The truth is that, in my opinion, Ariyaratne is not at all worthy of comparison with Bhante Dhammika in this context. He has had no worthwhile academic training in either Buddhism or the history of Buddhism, not to speak about anything else that is ancillary such as the secular history of Sri Lanka and India. What may be taken as an autobiographical note on pp. 12-14 of Ariyaratne’s book mentioned above says that he was born in a small impoverished village in Nivitigala in 1972. At age 14, he was admitted to the Sangha order as a novice. He studied at a pirivena in Ratnapura, where he became a kind of loner allegedly trying to learn the dhamma in an unorthodox way, which meant  that he read material outside the prescribed syllabuses. Disgusted with the Sangha order at age 19 (i.e., before higher ordination), he disrobed, and became a layman again, reverting to his birth name Ariyaratne. But he claims that he continued his search in which he followed in the footsteps of such ‘Arya utuman’ (Arhants) as the infamous and totally ignorant  Waharaka (Abhayarathanalankara) and Meewanapalane (Siri Dhammalankara)!! 

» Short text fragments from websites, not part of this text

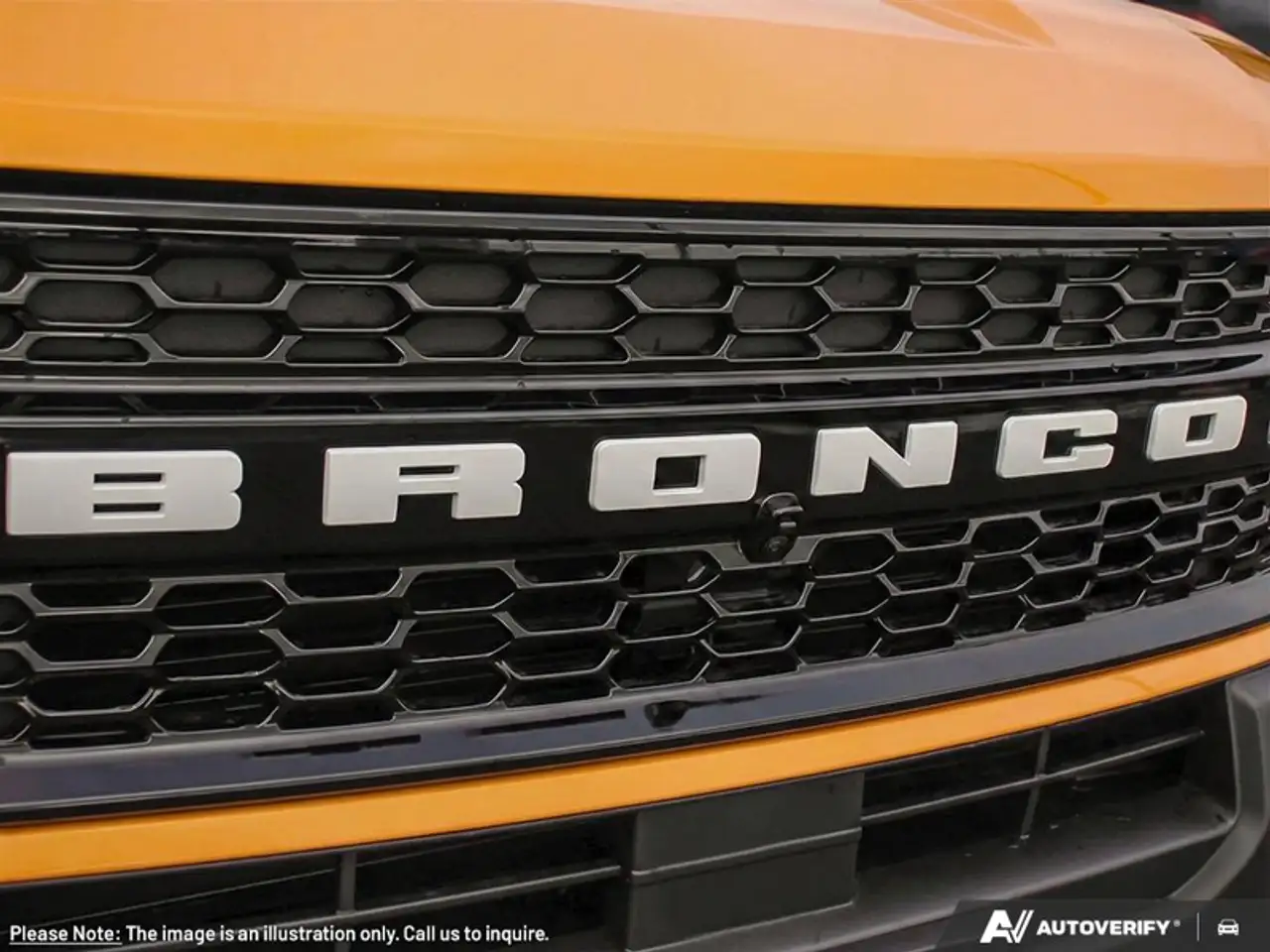 Ford Bronco Sport fotografie Ford Bronco Sport
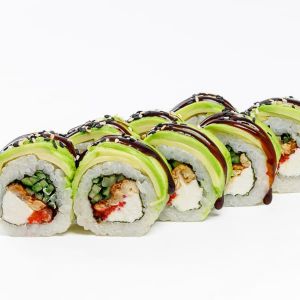 Дракон зелений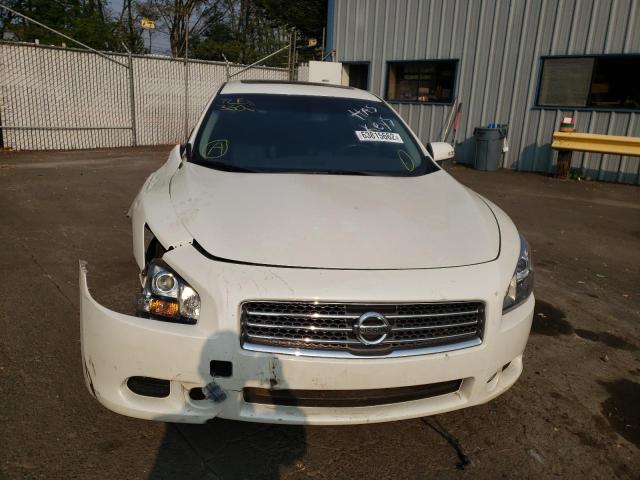 Photo 9 from auction – 2011 NISSAN MAXIMA S with VIN 1N4AA5AP6BC825459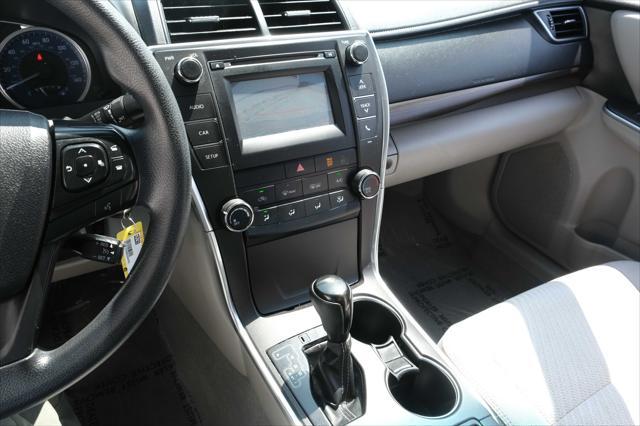 used 2017 Toyota Camry car, priced at $11,995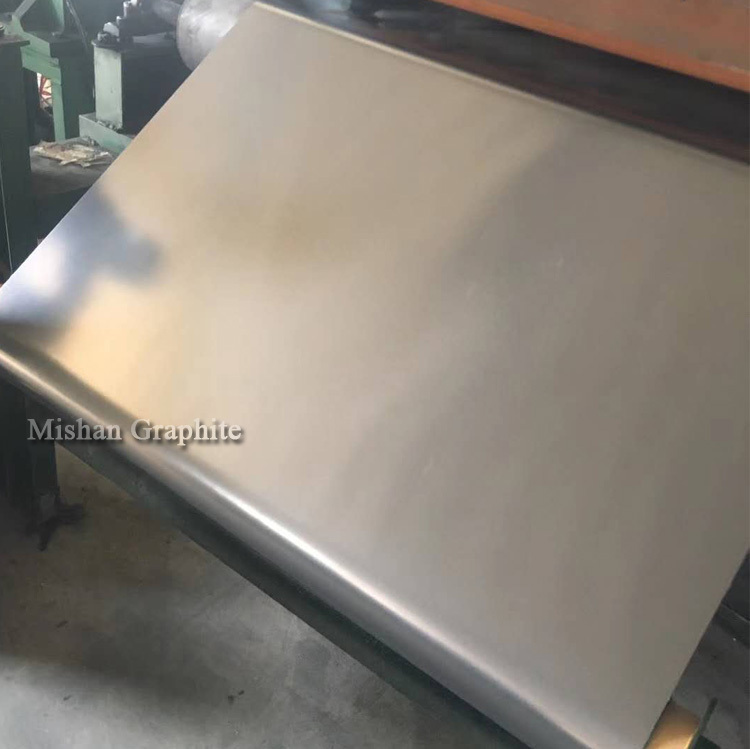 Carbon Isostatic Graphite Sheet for Industry
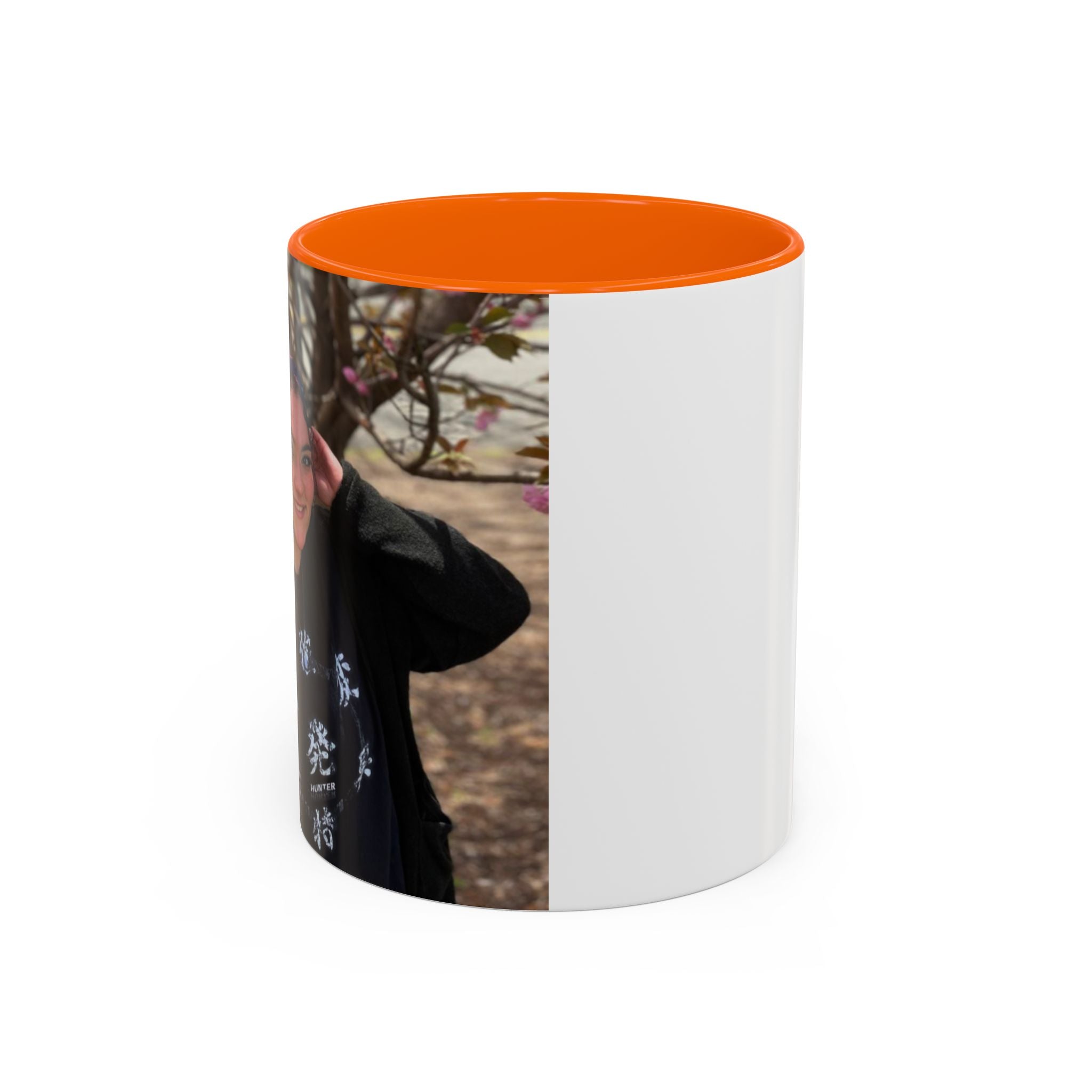 Personalized Photo Ceramic Coffee Mug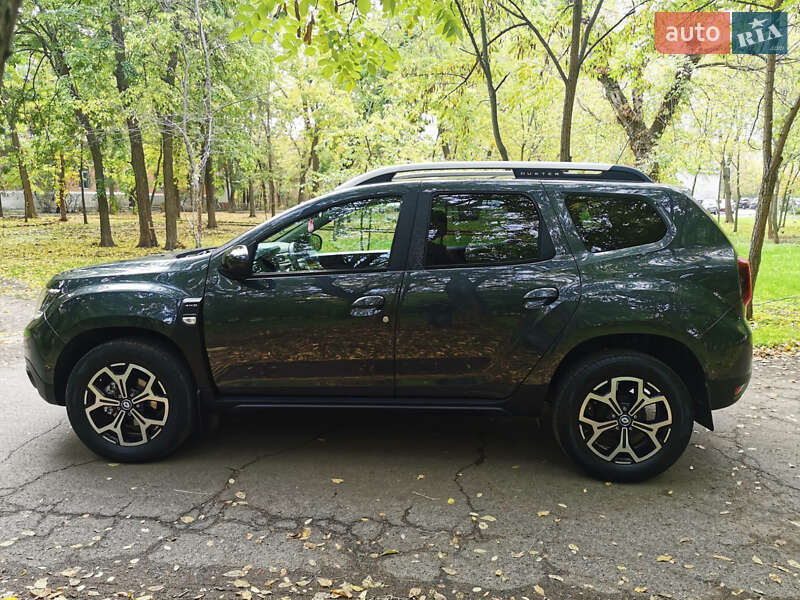 Внедорожник / Кроссовер Renault Duster 2020 в Киеве фото 5 Внедорожник / Кроссовер Renault Duster 2020 в Киеве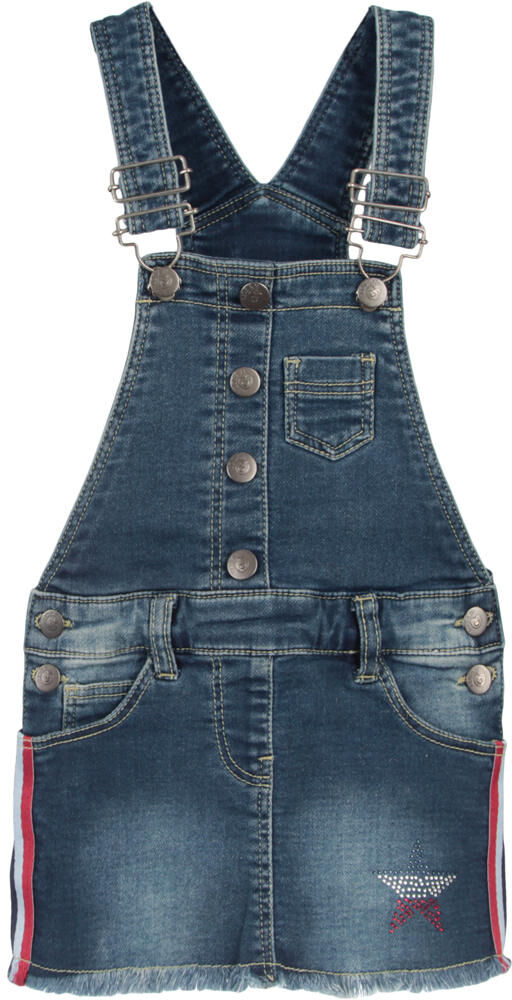 Losan Vestido niña vestido jeans little star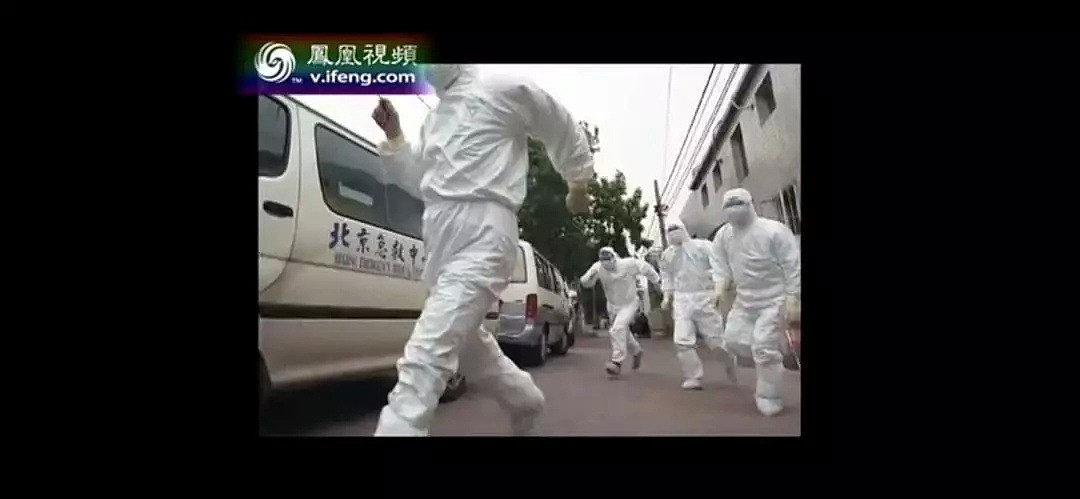 遭歹徒刀砍暴行的医护人员们，17年前曾拯救了中国（组图） - 15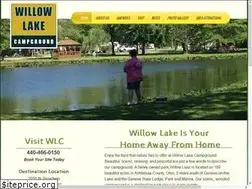 Sites similar to willowlakecamping.com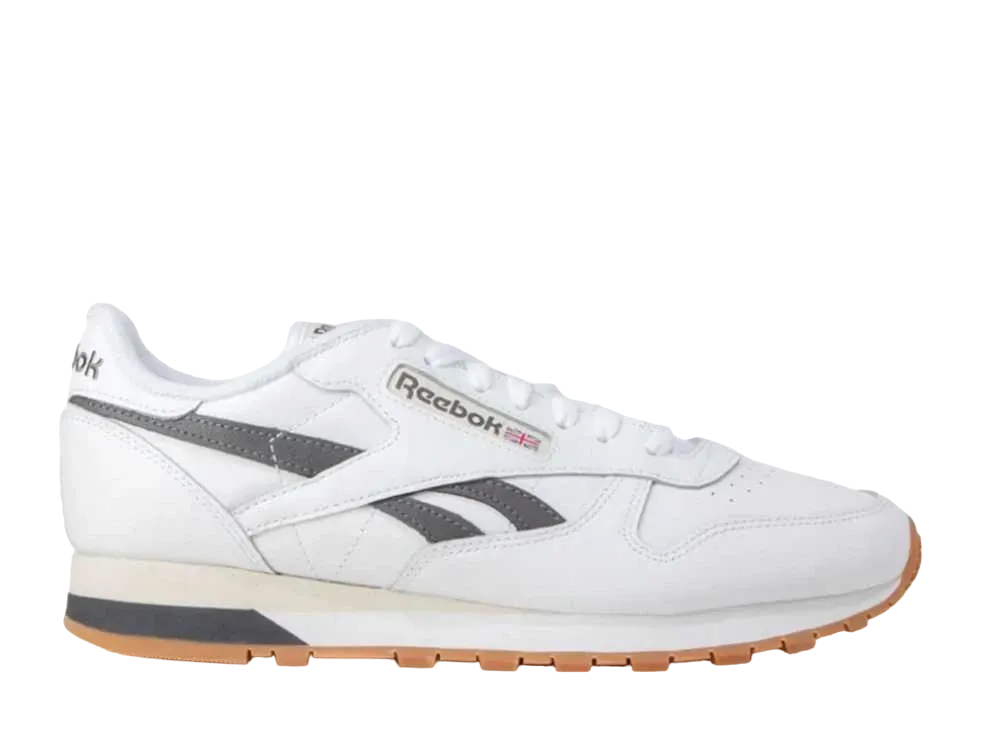 リーボック クラシック レザー "フットウェアホワイト"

Meewanapalane has been officially excommunicated by the Malwatte Nikaya, but he continues to preach to a dwindled audience. Waharaka died in 2017 and his death was described as his ‘Parinibbana’!, a term used only in the case of the passing away of an Arhant, most usually in referring to the death of the Buddha. It is an abomination to use that terminology to refer to the death of a sinful fake Arhant. (There is a great possibility, nay probability, that these are plants intended to destroy the Buddha Sasanaya, which is the breath and being of our over 2500 year old Lankan/Heladiva civilization. Those who bristle at this, please listen to the advice of the Buddha in the Kalama Sutta, and independently find out  their hollowness by studying samples of their preachings.) 

Ariyamagga who is the main motivator of the ‘We Rectify Our History’ project as well as  the leader of the so-called Ariya Kammattahna Organization may belong to the same group of rogues in robes. (I googled the name Ariyamagga Thero, but failed to find any monk by that name or an organization he heads, except the name in Sinhala characters ‘Pujya K. Ariyamagga’.) The theme ‘We Rectify Our History’ probably comes from Ariyaratne’s book, p. 116, where the author writes “Let’s rectify mistakes in our history by ourselves”. Isn’t it possible that some eccentric uneducated zealots have also been recruited or are simply being used like some feral donkeys by the prime movers of a global conspiracy against the Sinhalese and their Buddhist culture? 

It is true that the British stole many archaeological treasures including ola leaf manuscripts of inestimable value from Sri Lanka. At least some of them are being preserved in British libraries and museums. They are waiting to be reclaimed by us through proper channels. This is not the time to get them, as we can understand, given the debilitating economic and political difficulties Sri Lanka is experiencing. This task should actually be left to present and future young generations.

The more urgent need of the hour is to reclaim the nationalist success of 2009 against all odds.